Capital Gains Taxes: The Phantom Menace
Film fans are abuzz over news that George Lucas will sell LucasArts, along with the globally renowned “Star Wars” franchise to Disney for a staggering $4 billion. But as Quentin Fottrell at The Wall Street Journal’s MarketWatch illustrates, the decision may have more to do with taxes than filmmaking.
The Heritage Foundation calls it the “Taxmageddon,” Federal Reserve Chair Ben Bernanke calls it the “fiscal cliff,” but by any moniker Americans are facing a massive tax hike on January 1. Financial planning experts agree that the Star Wars-Disney deal was a “textbook example” of closing down a business while avoiding the worst of estate and capital gains taxes. The current capital gains tax, set at 15 percent, is scheduled to rise to 20 percent. That number rises to 23.8 percent when one includes the surcharge on investment included in the health care reform law.
If that sounds insignificant, The Wall Street Journal spoke to a small business owner, Bert Wolf, who is selling his compressed gas business this year to avoid the tax increase.
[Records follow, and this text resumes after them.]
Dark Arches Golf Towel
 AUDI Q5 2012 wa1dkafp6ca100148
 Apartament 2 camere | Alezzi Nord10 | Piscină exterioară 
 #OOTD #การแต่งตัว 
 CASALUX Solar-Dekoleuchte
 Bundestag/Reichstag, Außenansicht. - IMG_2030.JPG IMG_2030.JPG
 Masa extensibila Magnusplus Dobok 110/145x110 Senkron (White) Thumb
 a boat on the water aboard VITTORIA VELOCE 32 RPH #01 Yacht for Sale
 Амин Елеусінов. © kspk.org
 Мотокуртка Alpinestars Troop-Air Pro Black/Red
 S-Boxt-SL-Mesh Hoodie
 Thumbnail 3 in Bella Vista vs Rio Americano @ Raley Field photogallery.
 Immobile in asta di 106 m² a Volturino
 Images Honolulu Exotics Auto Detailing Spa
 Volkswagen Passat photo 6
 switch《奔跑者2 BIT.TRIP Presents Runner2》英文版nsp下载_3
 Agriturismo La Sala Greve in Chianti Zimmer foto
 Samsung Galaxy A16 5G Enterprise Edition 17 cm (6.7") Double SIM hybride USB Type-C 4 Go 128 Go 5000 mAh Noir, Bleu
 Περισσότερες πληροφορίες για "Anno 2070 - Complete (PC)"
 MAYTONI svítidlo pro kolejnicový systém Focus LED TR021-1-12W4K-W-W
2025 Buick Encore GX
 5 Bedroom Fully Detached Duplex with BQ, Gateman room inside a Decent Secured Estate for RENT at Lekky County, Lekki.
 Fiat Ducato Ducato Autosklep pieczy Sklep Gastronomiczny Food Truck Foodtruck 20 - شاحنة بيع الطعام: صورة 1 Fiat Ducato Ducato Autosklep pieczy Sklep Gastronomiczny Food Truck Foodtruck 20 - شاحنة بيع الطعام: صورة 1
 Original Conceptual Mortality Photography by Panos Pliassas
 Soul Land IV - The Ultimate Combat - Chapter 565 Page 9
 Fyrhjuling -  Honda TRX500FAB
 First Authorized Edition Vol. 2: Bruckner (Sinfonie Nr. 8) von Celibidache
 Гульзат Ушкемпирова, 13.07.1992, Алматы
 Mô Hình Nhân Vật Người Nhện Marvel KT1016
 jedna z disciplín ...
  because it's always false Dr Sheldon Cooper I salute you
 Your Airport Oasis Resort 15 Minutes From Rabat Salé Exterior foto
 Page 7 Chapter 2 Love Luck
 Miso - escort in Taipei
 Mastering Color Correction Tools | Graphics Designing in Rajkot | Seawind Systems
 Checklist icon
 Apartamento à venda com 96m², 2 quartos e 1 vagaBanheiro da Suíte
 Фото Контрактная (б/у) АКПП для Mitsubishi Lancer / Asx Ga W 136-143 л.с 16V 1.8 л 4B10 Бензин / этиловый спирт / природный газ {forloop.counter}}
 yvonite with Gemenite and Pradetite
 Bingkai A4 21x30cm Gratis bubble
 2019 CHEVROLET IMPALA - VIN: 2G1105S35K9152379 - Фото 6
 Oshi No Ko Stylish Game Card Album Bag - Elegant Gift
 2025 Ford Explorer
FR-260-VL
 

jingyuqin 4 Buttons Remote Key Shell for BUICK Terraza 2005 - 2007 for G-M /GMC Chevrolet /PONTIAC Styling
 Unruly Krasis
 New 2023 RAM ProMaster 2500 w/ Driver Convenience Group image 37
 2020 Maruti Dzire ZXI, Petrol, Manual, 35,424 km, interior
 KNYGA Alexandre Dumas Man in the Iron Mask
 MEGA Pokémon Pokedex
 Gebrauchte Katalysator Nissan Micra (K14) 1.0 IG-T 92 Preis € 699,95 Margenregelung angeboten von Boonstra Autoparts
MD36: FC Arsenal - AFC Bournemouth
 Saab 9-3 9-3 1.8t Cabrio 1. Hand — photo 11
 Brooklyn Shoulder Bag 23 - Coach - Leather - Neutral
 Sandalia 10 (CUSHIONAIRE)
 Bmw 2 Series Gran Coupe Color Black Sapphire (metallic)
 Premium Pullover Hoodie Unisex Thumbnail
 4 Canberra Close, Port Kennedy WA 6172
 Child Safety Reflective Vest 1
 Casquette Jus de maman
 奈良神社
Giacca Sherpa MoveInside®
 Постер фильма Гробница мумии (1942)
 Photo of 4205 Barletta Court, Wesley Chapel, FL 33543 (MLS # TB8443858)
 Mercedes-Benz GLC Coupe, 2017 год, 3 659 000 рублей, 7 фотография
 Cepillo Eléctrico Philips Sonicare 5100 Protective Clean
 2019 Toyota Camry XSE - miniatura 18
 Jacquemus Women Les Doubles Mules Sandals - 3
He said that if he waited to sell, he would have to grow his business “for at least three or four more years to achieve the same after-tax sales dollar.” In context, the capital gains tax increase scheduled to hit next year will consume three to four years of hard work for no gain.
The MarketWatch article points out that while nothing may be simple in a $4 billion deal between movie studios, it may actually be harder for small business owners to exit their companies. “The owner of a restaurant or landscaping business probably won’t have the option of selling to a Fortune 500 company… they may have to bring on a junior partner or wok out a royalty arrangement with a new buyer.” Which means that small business owners, not billion dollar companies, will be the hardest hurt by tax increases.